Wroclaw, Tag 7: Ein Rückblick fernab von Wertungen, Platzierungen und Medaillen

| 15. Juli 2010 | 6 Comments

Von den Zuschauerrängen aus...

Auweia, ich hinke mit meinem Tagebuch hinterher. Das muss sich ändern! Darum hier bitte: Ein frischer Text…

Aber was soll ich schreiben? Die Senioren sind am Dienstag angekommen, trainierten am Mittwoch erstmalig. Echte News gibt es nicht, zum Glück vor allem keine schlechten. Also nochmal ein kleiner Rückblick auf die Jugend und Junioren: Was beschäftigte eigentlich fernab von Wertungen, Platzierungen und Medaillen die deutsche Delegation? Ein Gesprächsthema fällt mir da ein, das zumindest mehrfach debattiert wurde: die Trainer.

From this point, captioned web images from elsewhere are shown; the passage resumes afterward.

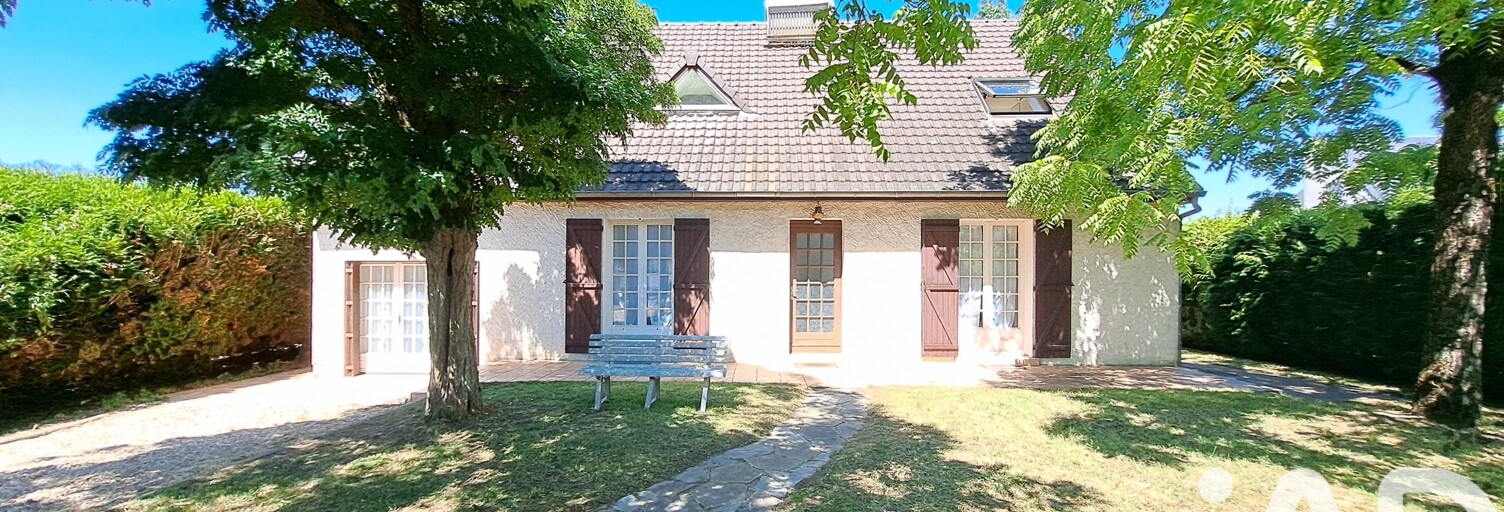 Maison 10 Pièces 149 m² à vendre à Villemandeur (45700)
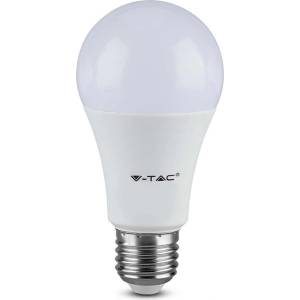 V-TAC led Крушка 8.5w e27 a60 Термо Пластик 6500k - 217262 (217262)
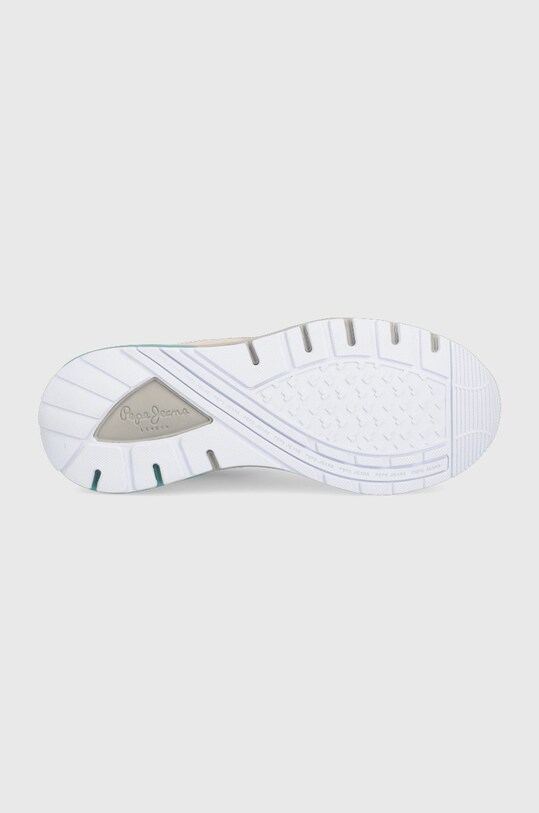 Sneakers boty Pepe Jeans No22 Spring Woman PLS31347.325 růžová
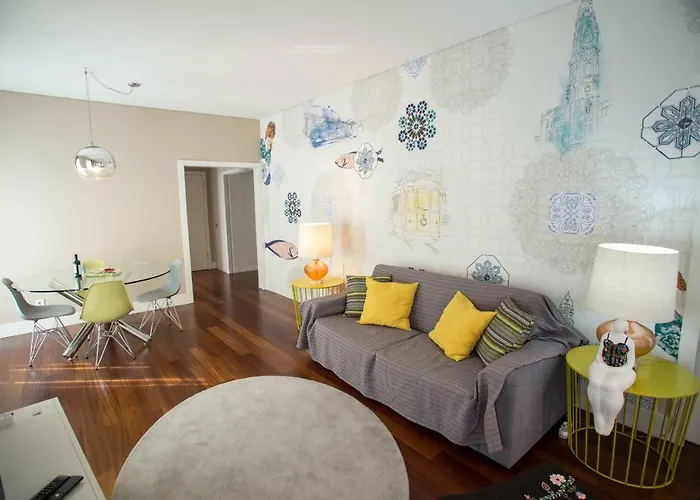 Cardosas Story Apartments By Porto City Hosts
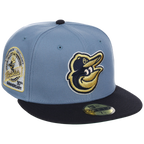 Baltimore Orioles MLB Dad's Day Off New Era 59FIFTY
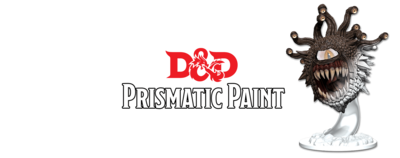 Prismatic Paint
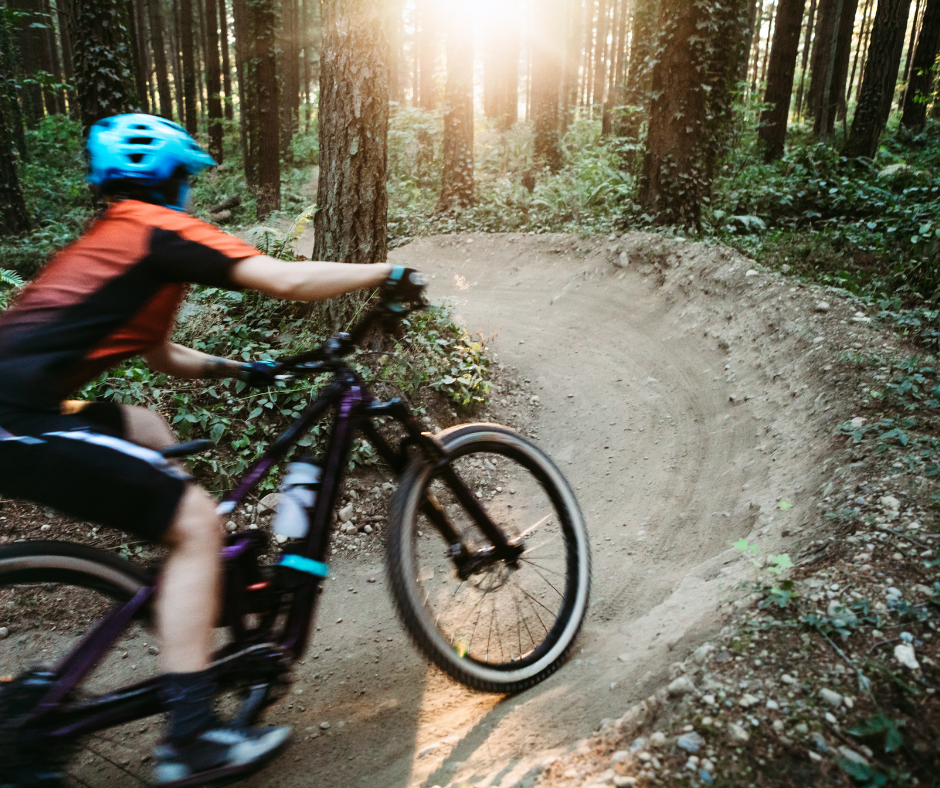 biking trails humboldt county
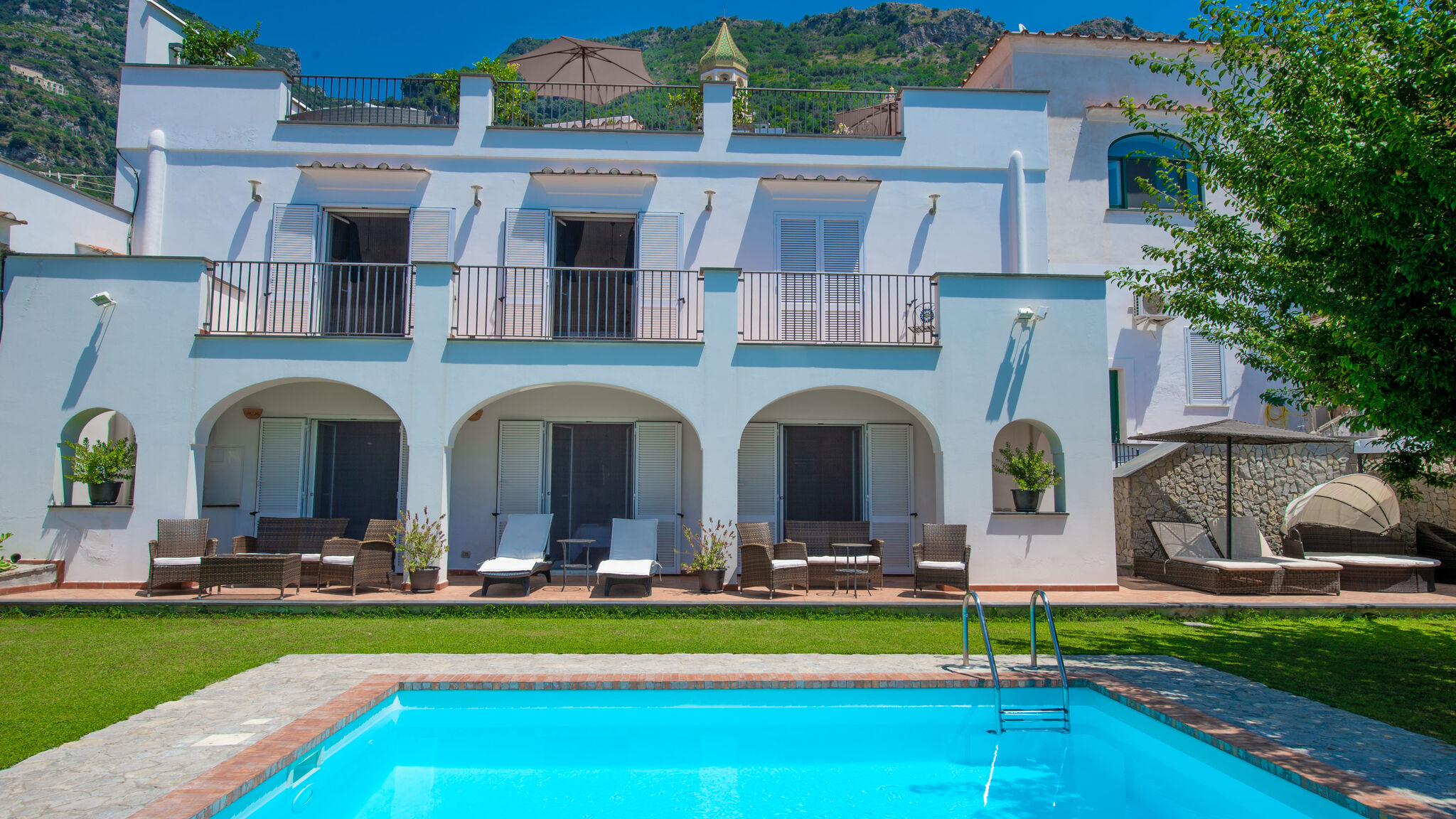 Italianway Praiano Villa Gioia By My Villa Collection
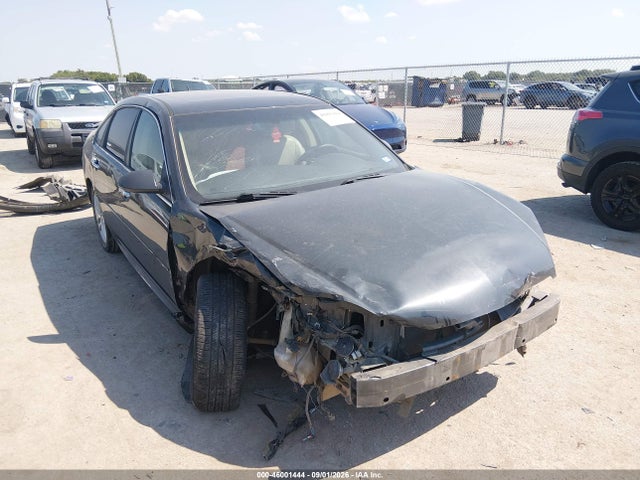 46001444 :رقم المزاد ، 2G1WC5E30E1108396 vin ، 2014 Chevrolet Impala Limited Ltz مزاد بيع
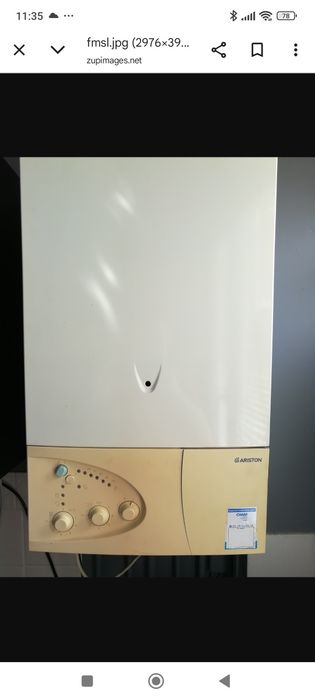 Centrala ariston microgenus 23mffi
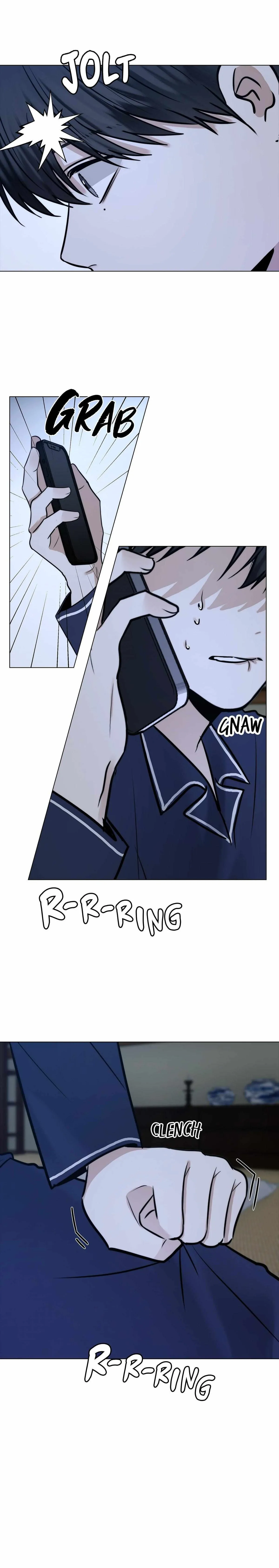 Read Doppleganger chapter 6 image 4 on Lezhin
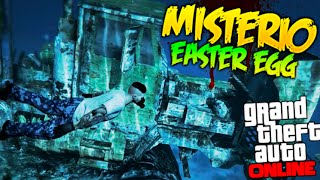 MISTERIOS BAJO EL MAR EN GTA V ONLINE CONBOY HUNDIDO AREA 51?? Makiman
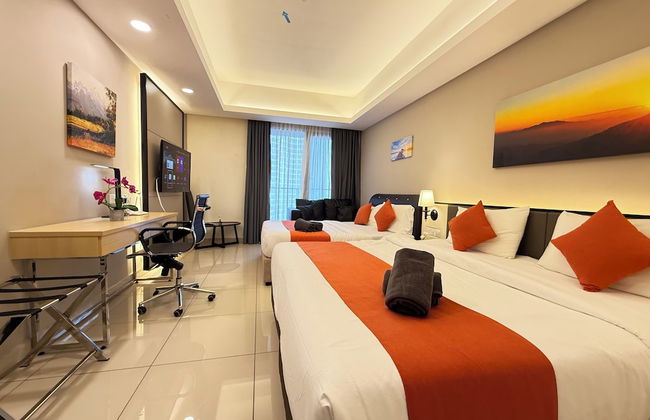 Highest Floor, Skyline Studio for 4Pax In Genting Highlands - Photo 17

Drei Trainer für 30 Sportler

Zu den Fakten: Wie nahezu alles andere ist von der FIG auch genau vorgeschrieben, wie viele Personen eine Delegation umfassen darf. Wie viele Sportler und in Abhängigkeit von der tatsächlichen Anzahl der Aktiven wie viele Trainer und Offizielle. Also: Den knapp 30 deutschen Sportlern bei der Jugend- und Junioren-WM durfte der DSAB gerade einmal drei Trainer an die Seite stellen. Offizielle, akkreditierte und somit „echte“ Trainer waren neben dem Bundestrainer Vitcho Kolev bei der Jugend und den Junioren Igor Blintsov und Sergej Jeriomkin. Zwar waren auch einige nicht akkreditierte „falsche“ Trainer nach Wroclaw gereist, diese mussten das Treiben ihrer Schützlinge aber von den Zuschauerrängen verfolgen. Zum Warm-Up-Bereich hatten sie natürlich ebenfalls keinen Zugang und konnten das Geschehen dort auch nicht einmal aus der Ferne beobachten. Als sich einer dennoch durch einen Nebeneingang in die Trainingshalle mogelte, hätte es beinahe Ärger mit der FIG gegeben.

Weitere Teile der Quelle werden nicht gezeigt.